== TASK STATEMENT ==
Reproduce, exactly and in full, the lines from the one with "Acessórios elegantes da noiva" through the one with "Thumbnail: 2019 Toyota 4Runner - 11" in the data below; drop pictures.

== DATA SHOWN ==
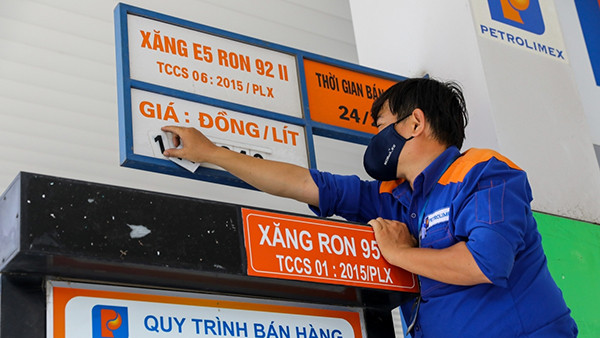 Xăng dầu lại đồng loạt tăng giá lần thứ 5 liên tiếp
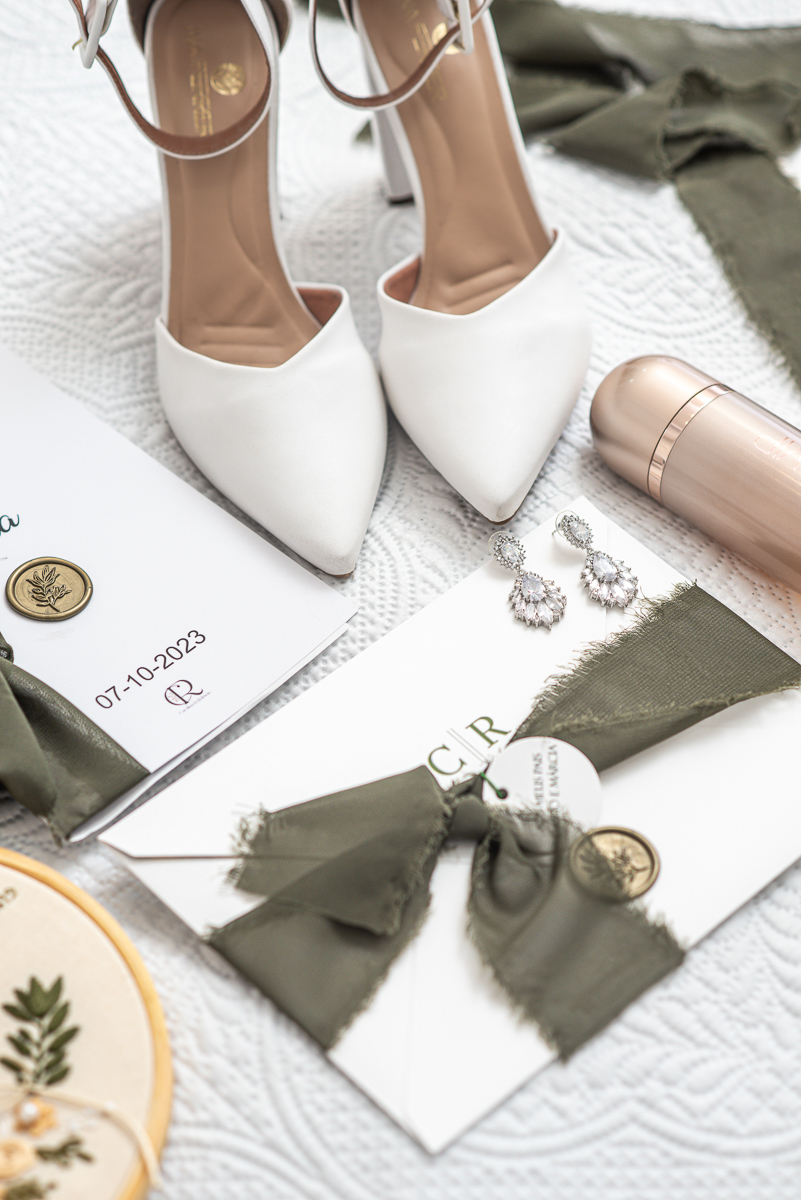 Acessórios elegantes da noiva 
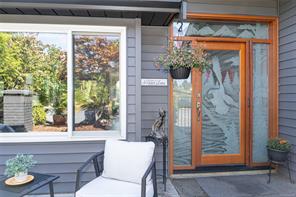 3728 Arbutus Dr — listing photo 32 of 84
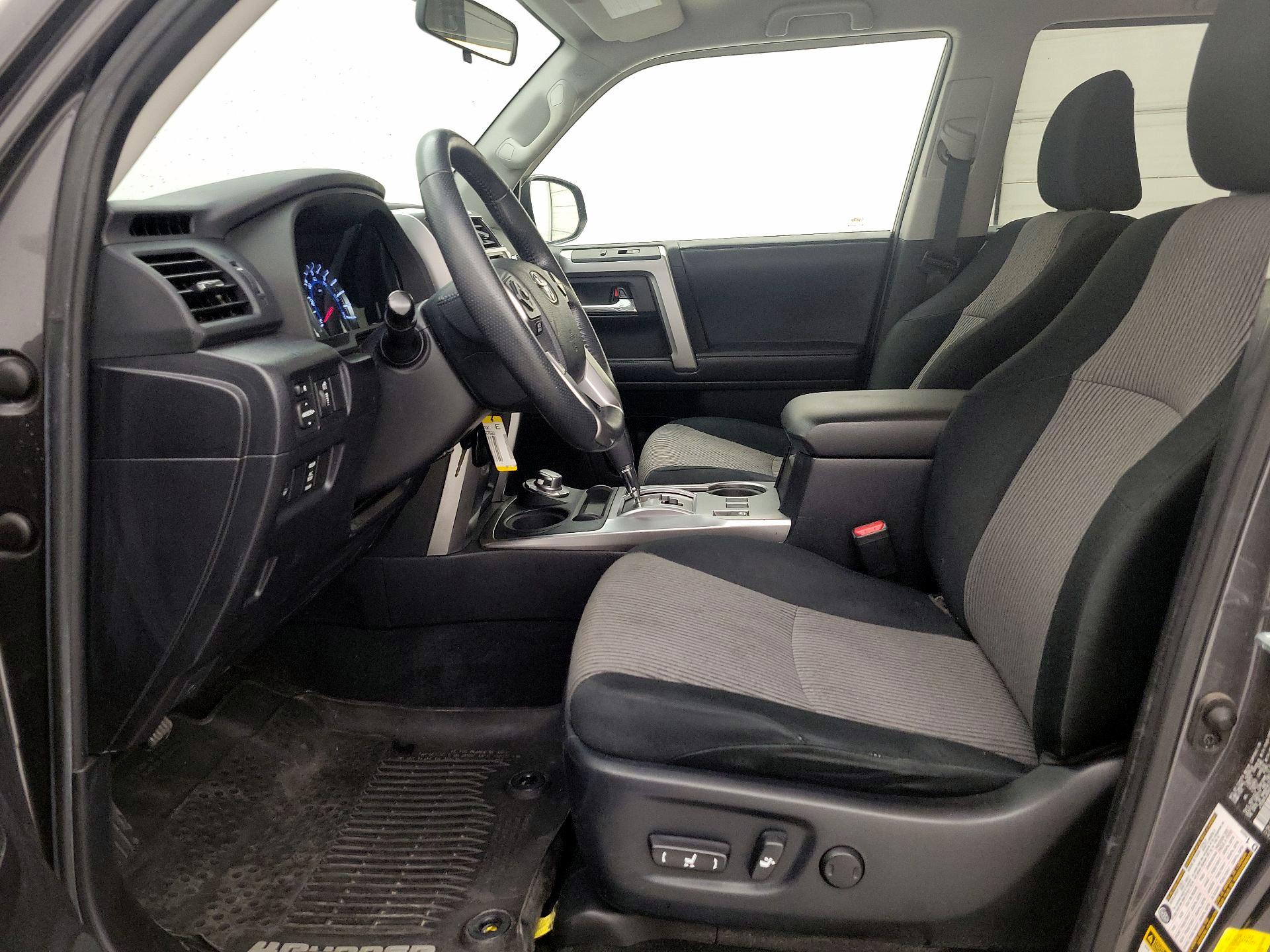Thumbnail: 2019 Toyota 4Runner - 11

* * *

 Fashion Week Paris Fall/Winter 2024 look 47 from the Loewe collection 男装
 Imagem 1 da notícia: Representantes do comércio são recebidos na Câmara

== YOUR SOLUTION ==
 Acessórios elegantes da noiva 
 3728 Arbutus Dr — listing photo 32 of 84
Thumbnail: 2019 Toyota 4Runner - 11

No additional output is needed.